**ASSIGNMENT**
Restate word for word the lines of the records below, starting at the line that contains "SKILLHAUSE - MOTHERBOARD" and ending at the line that contains "marddpair 41.1mm Cylinder", with both of those lines included and nothing else.

**DATA EXCERPTS**
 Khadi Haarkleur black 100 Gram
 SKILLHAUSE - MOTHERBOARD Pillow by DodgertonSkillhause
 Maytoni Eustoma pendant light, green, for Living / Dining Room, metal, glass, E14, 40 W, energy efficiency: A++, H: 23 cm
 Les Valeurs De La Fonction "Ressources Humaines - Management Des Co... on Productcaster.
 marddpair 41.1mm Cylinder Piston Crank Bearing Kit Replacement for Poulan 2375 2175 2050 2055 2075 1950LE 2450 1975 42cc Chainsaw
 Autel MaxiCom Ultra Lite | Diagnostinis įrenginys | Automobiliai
...
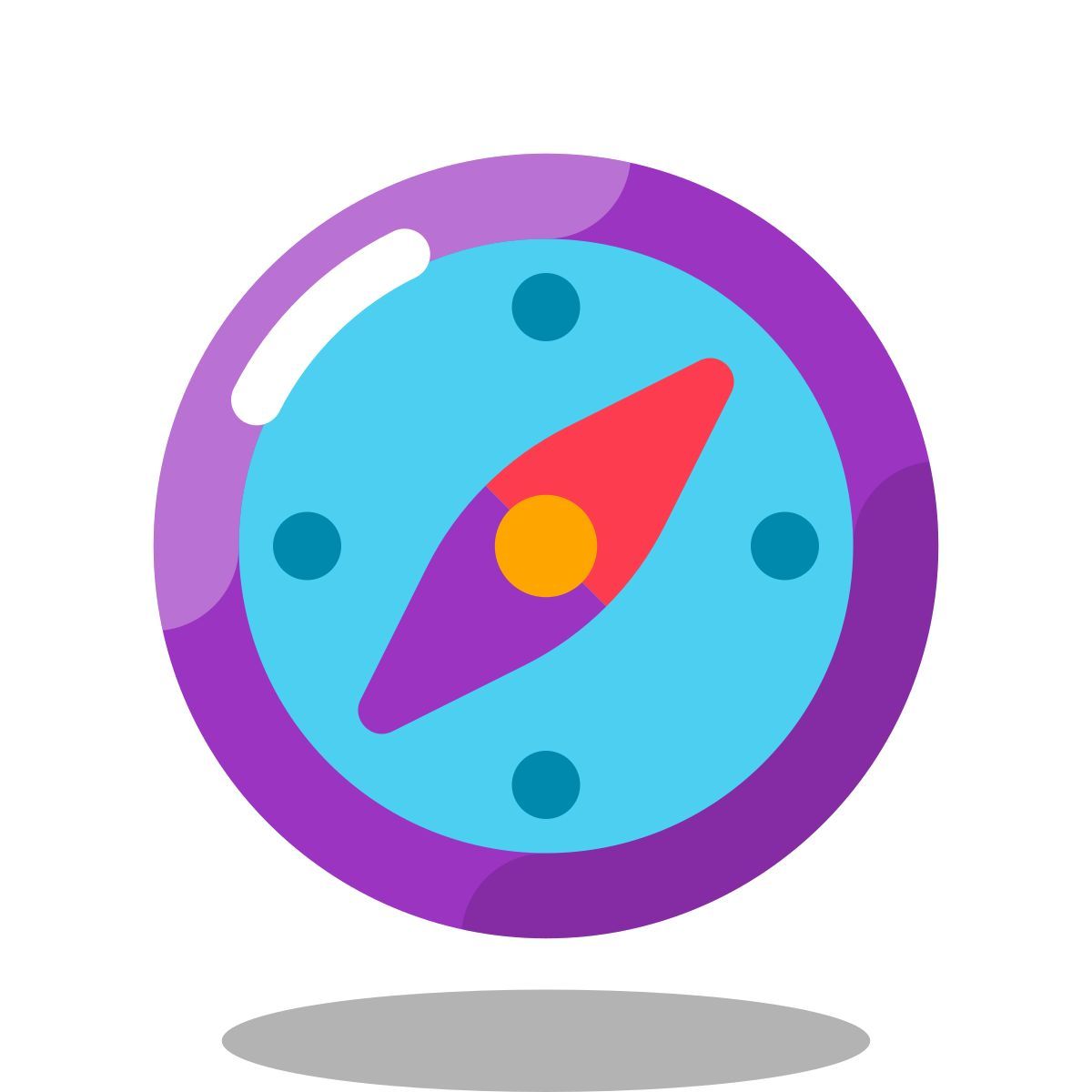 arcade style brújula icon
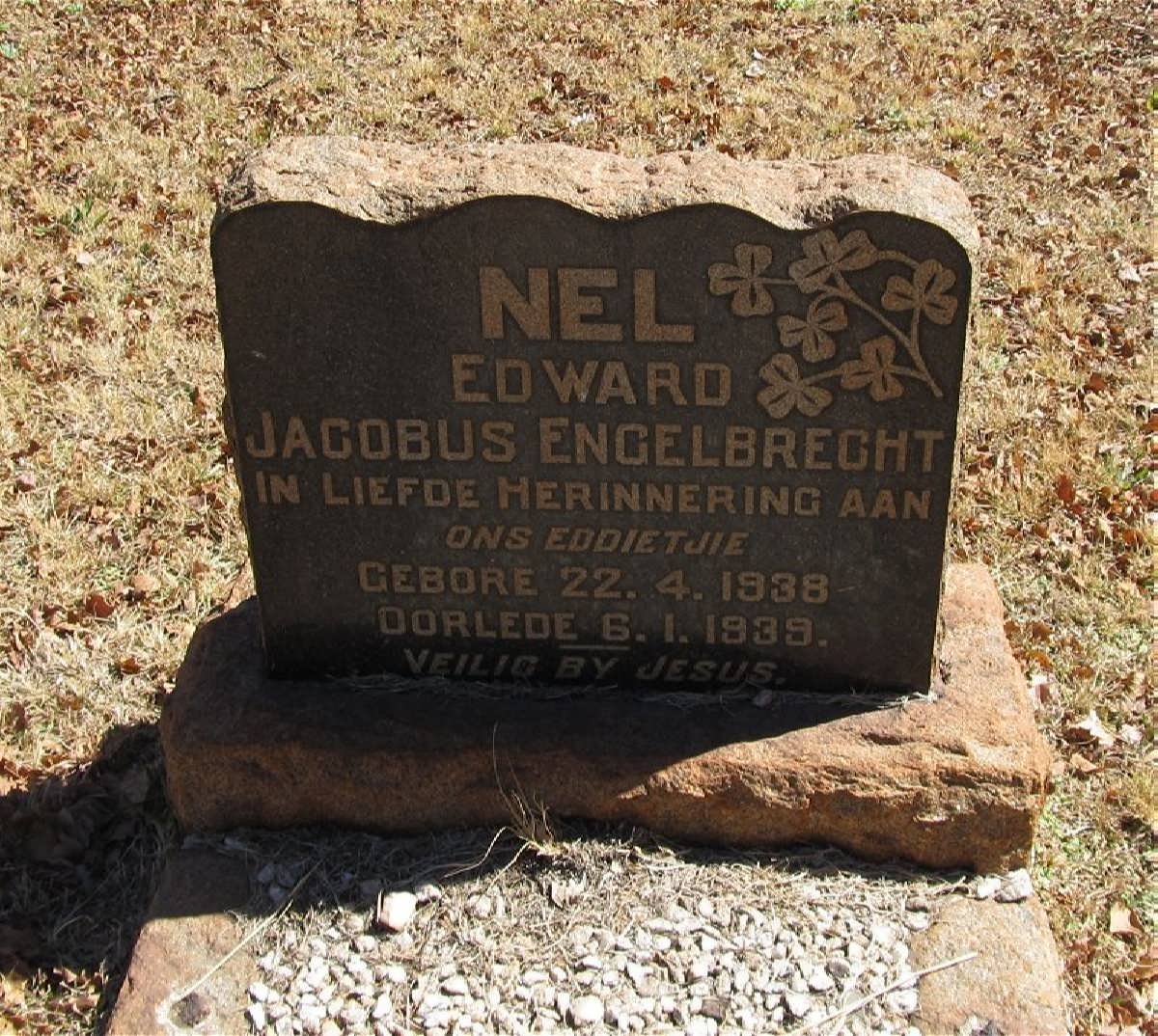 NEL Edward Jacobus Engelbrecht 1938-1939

**TASK SOLUTION**
 SKILLHAUSE - MOTHERBOARD Pillow by DodgertonSkillhause
 Maytoni Eustoma pendant light, green, for Living / Dining Room, metal, glass, E14, 40 W, energy efficiency: A++, H: 23 cm
 Les Valeurs De La Fonction "Ressources Humaines - Management Des Co... on Productcaster.
 marddpair 41.1mm Cylinder Piston Crank Bearing Kit Replacement for Poulan 2375 2175 2050 2055 2075 1950LE 2450 1975 42cc Chainsaw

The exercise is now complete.